Hinchliffe fell into decline after being taken over by the Paterson school system in the 1960s. While still in use through 1997, various updates led to maintenance problems, including an instance where an enlarging of the field led to a sinkhole. Eventually, without the money available to correct all of the problems associated with the field, the stadium was closed at the end of the 1996 – 1997 school year and continued to decay. The groundbreaking ceremony in 2021 represented the culmination of decades of work by the Friends of Hinchliffe Stadium and local government, among others, to save the site and ensure its future use as a ballpark. 
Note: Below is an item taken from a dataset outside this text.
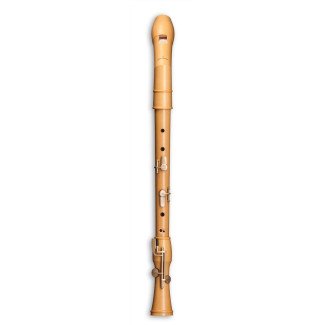 Mollenhauer Canta Comfort tenor 2446KC Mollenhauer Canta Comfort tenor 2446KC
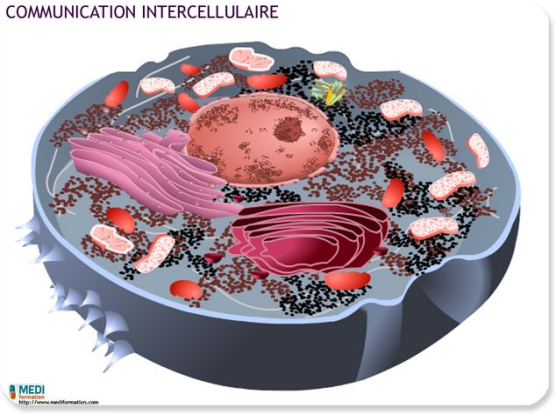 UE Biologie fondamentale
Renovations are expected to be complete this fall, even though that timeline looked far off from my vantage point at the top of a picnic table. Nevertheless, I climbed off the table and made my way back to the car, stopping multiple times along the way to take in more of the architectural details of the site, to imagine how busy the street must have been on game day, to picture an audience roaring as Abbott and Costello performed their “Who’s on First” routine literally on first (the duo performed at Hinchliffe at least once—Costello grew up in Paterson).

More than anything, however, as I got into my car, I was struck by the importance of the site in the history of American organized baseball, and the perseverance of the men who played despite the color line blocking them from MLB. Baseball continues to have a problem with race, including in attracting Black fans and players; biases from umpires in calling strike zones for non-white players; and outright racism towards players who call out systemic racism and protest for change. The deterioration of Hinchliffe Stadium is yet another link in that chain, a glossing over of the importance of the Negro Leagues and the prejudice that prevented some of the most talented ballplayers from stepping foot in MLB during their time.

The revitalization of the stadium, however, provides the opportunity to atone for some of those wrongs and to re-emphasize the importance of the Negro Leagues. MLB in particular, through hosting a Field of Dreams-style game at Hinchliffe, has the opportunity to remind the broader baseball audience of the significance of the stadium, the time period, the players, and the Negro Leagues. The chance is there to attract a wider audience and give the stadium the fanfare and reintroduction it deserves, after so many years of decay.

I could only hope, as I drove away, that MLB takes that chance.